ロンドン五輪のサッカー男子で、日本代表がモロッコ代表を1-0で破り早くも1次リーグ突破を決めた。立役者は、ゴールを決めたFWの永井謙佑選手だ。
初戦のスペイン戦でも永井選手は、自慢の快足を生かしてピッチを走り回りスペインの守備陣をかく乱、歴史的な勝利を演出した。2試合の活躍で、既に欧州のチームが獲得に向けて動き出したとの情報もある。
「仕事の鬼」「またナガイだ」
「キーパーは完全に間に合うと思って出てきたのに、永井選手のスピードが異常に速くて追いつけませんでしたね」
テレビ朝日の情報番組「モーニングバード!」に出演したサッカー解説者の松木安太郎氏は、英国時間2012年7月29日に行われた日本―モロッコ戦で、永井選手の得点シーンをこう振り返った。映像を見ると、MF清武弘嗣選手が中盤から相手DF陣の裏に空いたスペースにパスを蹴り出す瞬間、永井選手が駆け出している。ボールを受けると、あっという間に敵のプレーヤーを置き去りにし、慌てて飛び出してきたGKをもかわしてゴールを奪ってみせた。
永井選手が世界を驚かせたのは、五輪初戦となる現地時間7月26日のスペイン戦だ。前線で90分間、縦横無尽に駆け回って相手守備陣にプレッシャーをかけ続けた。スポーツジャーナリストの木崎伸也氏はJ-CASTニュースの取材に対して、「通常、プレスは組織的に行うものですが、この試合で永井選手は(ひとりで)驚くほどのプレスをかけていました」と舌を巻く。前半41分、スペインの選手がバックパスを受け損ねた瞬間を見逃さず、一気にボールを奪いに行くと相手はたまらずファール。これがレッドカードと判定され「1発退場」となり、日本は後半を数的に有利な状態で進めることができた。また得点には結びつかなかったが、スピードに乗ってゴールを脅かす決定的なシーンは何度もみられた。

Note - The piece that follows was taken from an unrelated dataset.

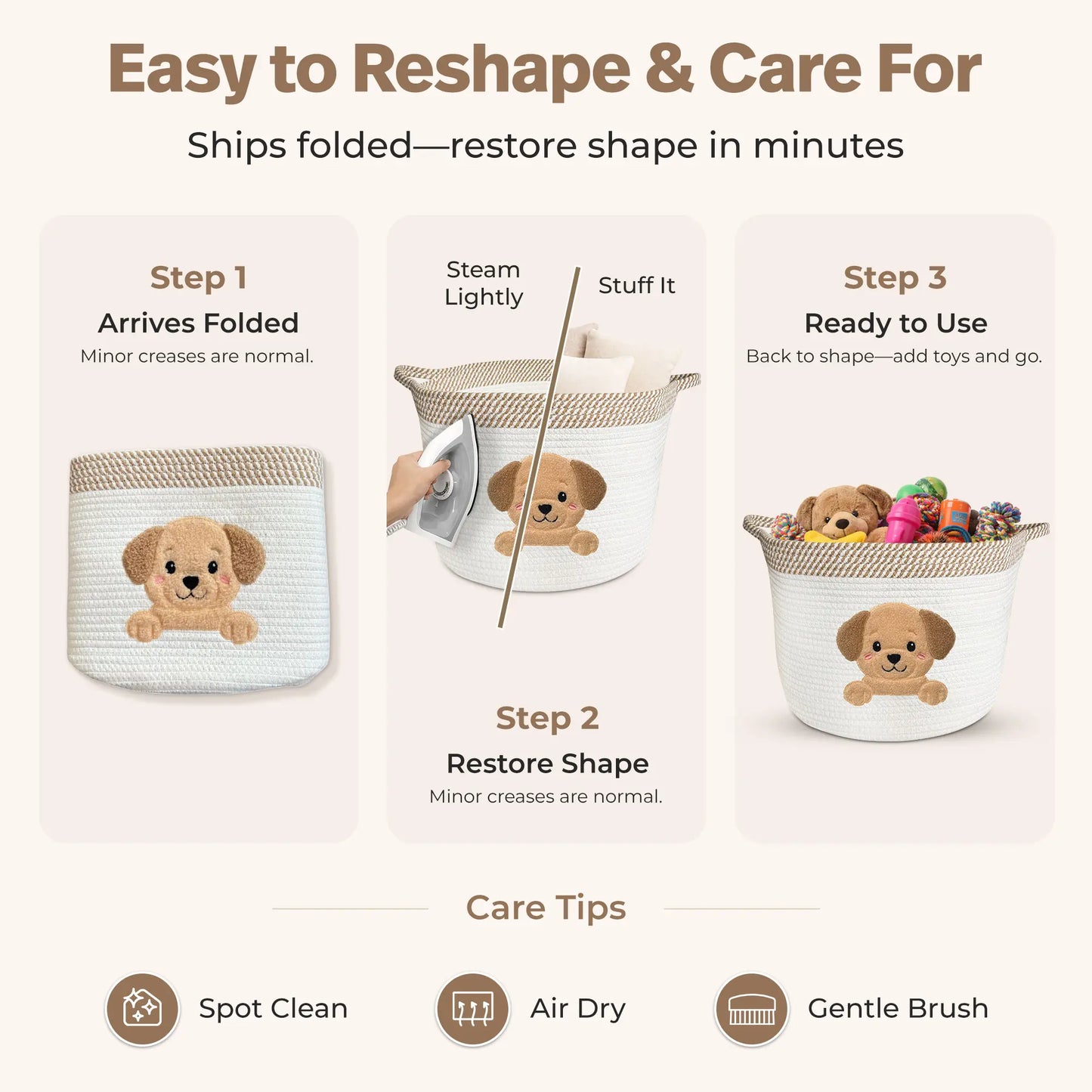 Golden Retriever & Labrador Dog Toy Basket (15”X11”) Large Cotton Rope Storage Bin W/ Puppy Patch + Handles — Organizer for Toys, Chew Bones, Leashes, Blankets, Grooming Supplies — Neutral Beige/White Living Room Decor (All Dogs)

スペイン戦勝利の後、海外メディアは永井選手を取り上げた。英大衆紙「デイリー・ミラー」電子版は「『仕事の鬼』と化したナガイ」と、骨身を惜しまず試合を通して走り続けた様子を表現。英ガーディアン紙も「強さ、運動量、ボールタッチ、抜け目なさがある」と高く評価したという。米オンラインスポーツサイト「ブリーチャー・リポート」は試合を再現した分析記事で、「またナガイだ。スペインは日本のスピードをとめる手立てがない」とつづった。
マンU・香川と「日本人ライン」形成?
永井選手は福岡大学からJリーグ、J1の名古屋グランパスに入団、2011年にプロデビューした。だが木崎氏によると、福岡大在学中に、独ブンデスリーガのウォルフスブルクから練習参加のオファーが届いていたという。このチームには、日本代表の長谷部誠選手が所属している。当時から海外で一定の評価を受けていたようだ。

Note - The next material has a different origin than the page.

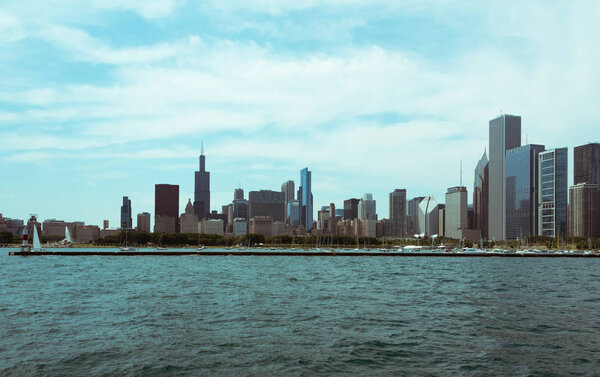 Chicago Downtown skyline view from a boat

五輪の2試合での「快走」ぶりは、試合を観戦していたイングランドやドイツ、イタリアなど欧州プロリーグの担当者の目に強烈に映ったはずだ。各国の有力チームからは、獲得に向けた動きが出始めたと伝えるメディアもある。木崎氏は、50メートルを5秒8で駆け抜ける永井選手が瞬間的に加速する能力は「世界レベル」と太鼓判を押す。例えばフランス代表MFのフランク・リベリー選手もスピードが強みで、「200メートル走なら五輪代表になれるのではないか、とまで言われています」(木崎氏)。それでも今の永井選手なら、リベリー選手と競走したら負けないかもしれないというのだ。

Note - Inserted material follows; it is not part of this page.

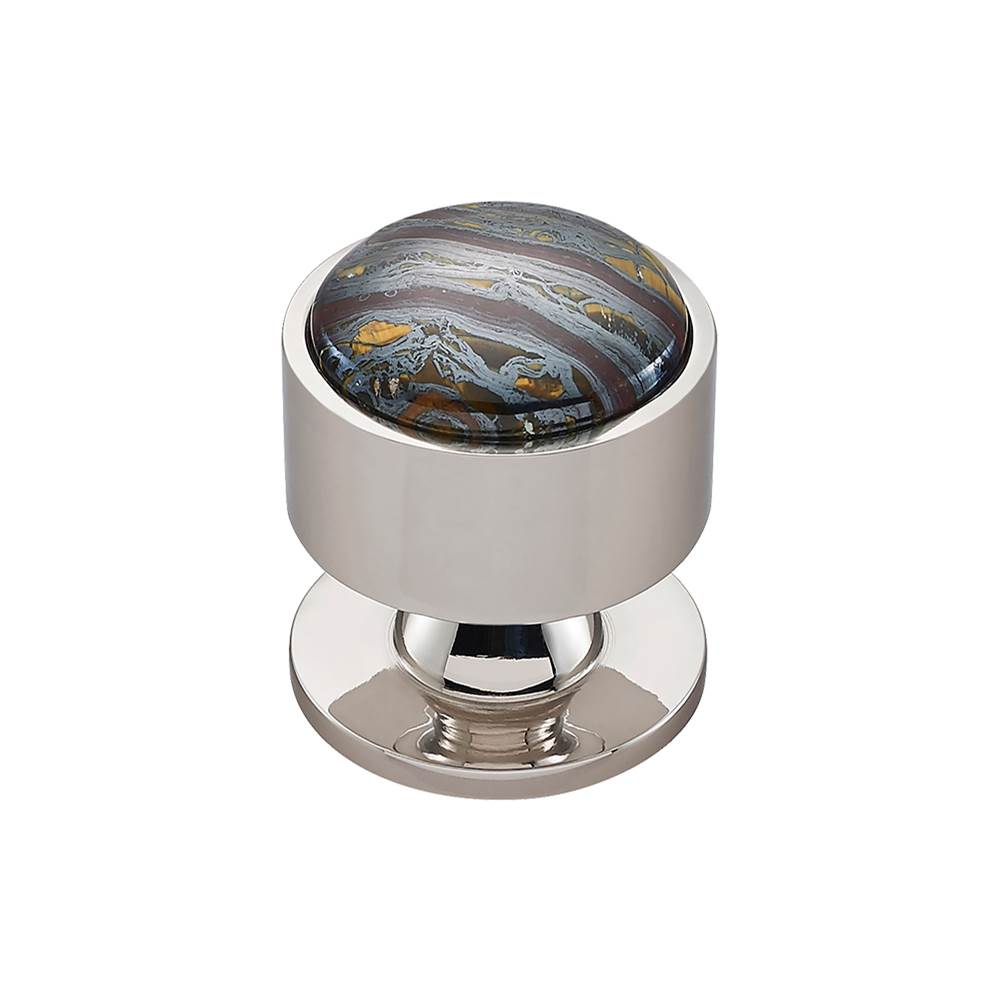 Vesta - FireSky Iron Tiger Eye Knob 1 3/8 Inch Polished Nickel Base - Polished Nickel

現在プレーする名古屋グランパスとの契約条件の詳細が分からないので、五輪終了後すぐに永井選手の「海外電撃移籍」が実現するかは微妙だ。それでも仮に欧州へ新天地を求めるとしたら、どのリーグが最もフィットするだろうか。木崎氏はイングランド・プレミアリーグを推す。五輪がロンドンで行われているため同リーグに所属するチームへのアピール度が高まることもあるが、フィジカル面で高い能力が求められるリーグで、「たてへのスピード」を武器に活躍するチャンスがあるというのだ。2012年1月から同リーグのボルトンでプレーした宮市亮選手も走力がセールスポイントで、得点も挙げている。
日本代表は1次リーグ残り1試合を消化した後、金メダルを目指して決勝トーナメントを戦う。勝ち進めば永井選手の活躍機会が増え、五輪後には「多額の移籍金を負担してでも獲得したい」とプレミアリーグのチームが名乗りを上げないとも限らない。マンチェスター・ユナイテッドに移籍した香川真司選手との日本人対決、あるいはチームメートとして強力な攻撃ラインの形成といった「夢」も膨らむ。